This is one of the reasons that I think it would be helpful for Marty to provide an objective analysis of the OLC opinion and try to get beyond the bumper sticker legal analysis from the WP.

BTW, Marty, I don't believe that there is anything in the House Rules that address inherent contempt (although the Parliamentarian's note to Jefferson's manual has some discussion). But I'm not sure that this would present any problem with respect to an inherent contempt proceeding. I would think that a contempt resolution would be accompanied by a special rule laying out the procedures to be followed.
 

It would seem to me that the "third option" of filing a civil injunction action might well run into a dismissal on political question grounds. Trying to decide the relative weight between a constitutional executive privilege recognized by the Supreme Court and an inherent constitutional power of Congress to demand testimony relevant to its legislative powers, likewise recognized by the Supreme Court, would be difficult to say the least. One could easily conclude that there are no judicially manageable standards for resolving the issue, plus no need, because Congress has the power to hold a person in contempt and to enforce that contempt citation. That Congress for political reasons chooses not to use that power is no reason why a court should unnecessarily decide the issue.
 

William is right that courts are very reluctant to get involved in executive-legislative disputes over information and there is a strong temptation to dismiss such cases on standing or political question grounds. I think this is less likely to happen in the DC Circuit than it might be in other jurisdictions, but it is still possible. And should the case reach the Supreme Court, all bets are off.

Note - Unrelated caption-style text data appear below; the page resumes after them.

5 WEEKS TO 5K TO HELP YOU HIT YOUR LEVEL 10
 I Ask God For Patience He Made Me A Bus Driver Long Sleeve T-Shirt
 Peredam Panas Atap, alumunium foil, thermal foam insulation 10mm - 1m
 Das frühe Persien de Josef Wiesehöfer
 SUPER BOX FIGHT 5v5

On the other hand, I do not think that the existence of inherent contempt as a possible alternative supports the conclusion that the courts should refuse to hear a civil contempt suit. On the contrary, if inherent contempt were employed, the case would still come to the courts, except on a habeas petition. In that situation, the courts would seem to have no alternative but to reach the merits since they can't very well let someone languish in jail because the case presents a political question. So if the courts thought that inherent contempt were a real possibility, it seems to me they would be more likely to reach the merits.
 

"This is kinda off topic, but no where have I "insist[ed] that separation of church and state does not exist." I simply don't forget that the words "or prohibiting the free exercise thereof" are part of the First Amendment."

As with the law-illiterate gun-nuts, you insist that only those snippets of the Constitution you approve have force. By contrast, everything in the Constitution has equal force at all times, including that part of the first which prohibits the gov't from supporting "religion". Nothing inhibits your right to freely exercise your "religion" -- except your responsibility to respect the rights of others to not have it imposed upon them where it doesn't belong, such as in public schools, the attendees to which are not, and cannot be made to be, "Christian," nor be made to endure the bogit's elevation of your "religion" above everyone else's.

Those facts are only complicated to the intellectually dishonest, Charles: that full clause in the first Amendment does two things: it prohibits gov't from supporting or opposing "religion".

"BTW: at least as many words establishing Executive Privilege are in the Constitution, . . . ."

I see you make no effort to substantiate that assertion. Care to try?

". . . and the U.S. Supreme Court has recognized Executive Privilege in U.S. v. Nixon. Time to give up the ghost on that canard."

The SC's opinions on the Constitution are not the Constitution itself -- see as glaring example Bush[it] v. Gore, especially as it contrasts with the express stipulation in the Constitution that CONGRESS shall resolve election disputes.

In addition, Congress can overturn SC opinions -- but it cannot overturn (or otherwise alter) the Constitution itself.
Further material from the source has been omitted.